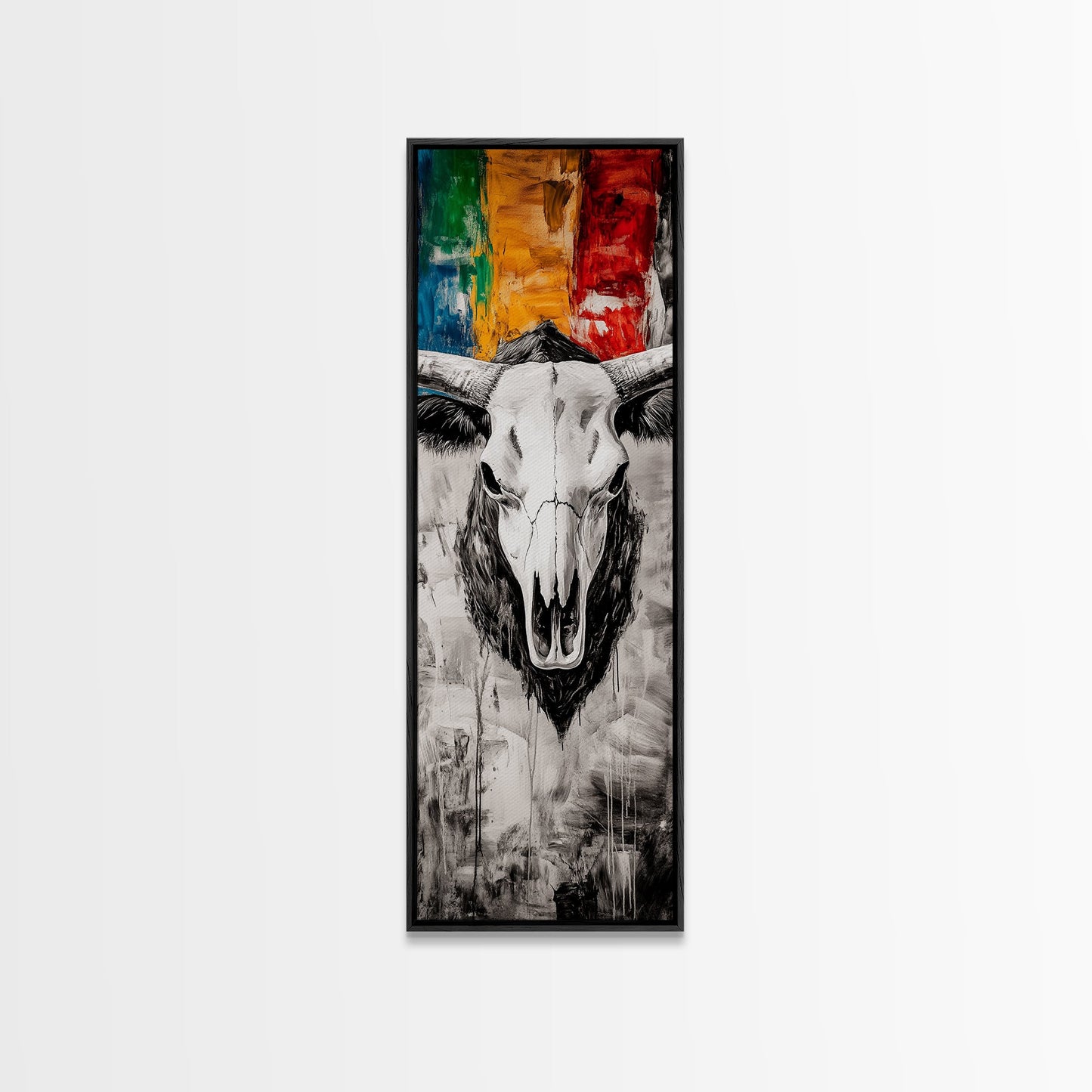 Skull, Western, Rustic, Canvas Print, Cowboy Wall Art, Southwestern Decor, Bold Statement Art, Boho Farmhouse, Eclectic Home Decor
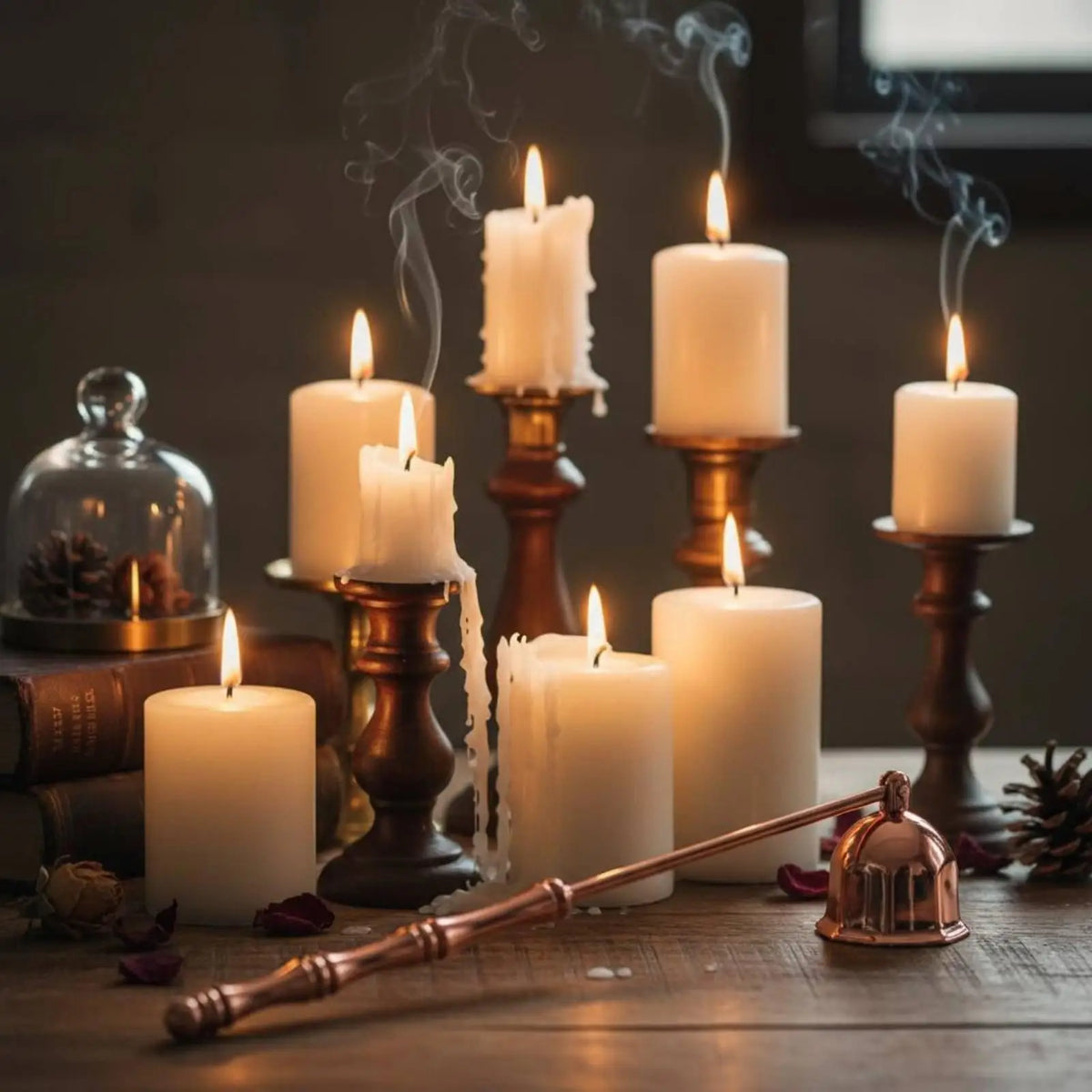 Octagonal Bell Candle Snuffer – Stainless Steel Elegant Home Decor Candle Snuffer PLUSH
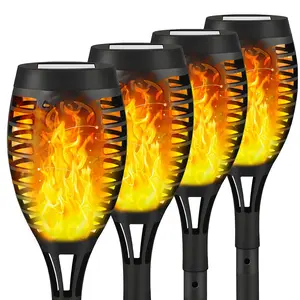 4 Pack / 8 Pack Led Solar Torch Light with Flickering Flame Outdoor Waterproof Halloween Decorations, Solar Torches Stake Lights, Auto On/Off Solar Garden Lights Decorations
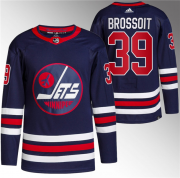 Wholesale Cheap Men's Winnipeg Jets #39 Laurent Brossoit 2021-22 Navy Stitched Jersey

**Exercise instructions:**
Your copy should hold only the lines running from the one that contains "Octagonal Bell Candle" through the final line of the data; transcribe them exactly, both ends included, and leave pictures out.

**Solution for this task:**
 Octagonal Bell Candle Snuffer – Stainless Steel Elegant Home Decor Candle Snuffer PLUSH
 4 Pack / 8 Pack Led Solar Torch Light with Flickering Flame Outdoor Waterproof Halloween Decorations, Solar Torches Stake Lights, Auto On/Off Solar Garden Lights Decorations
 Wholesale Cheap Men's Winnipeg Jets #39 Laurent Brossoit 2021-22 Navy Stitched Jersey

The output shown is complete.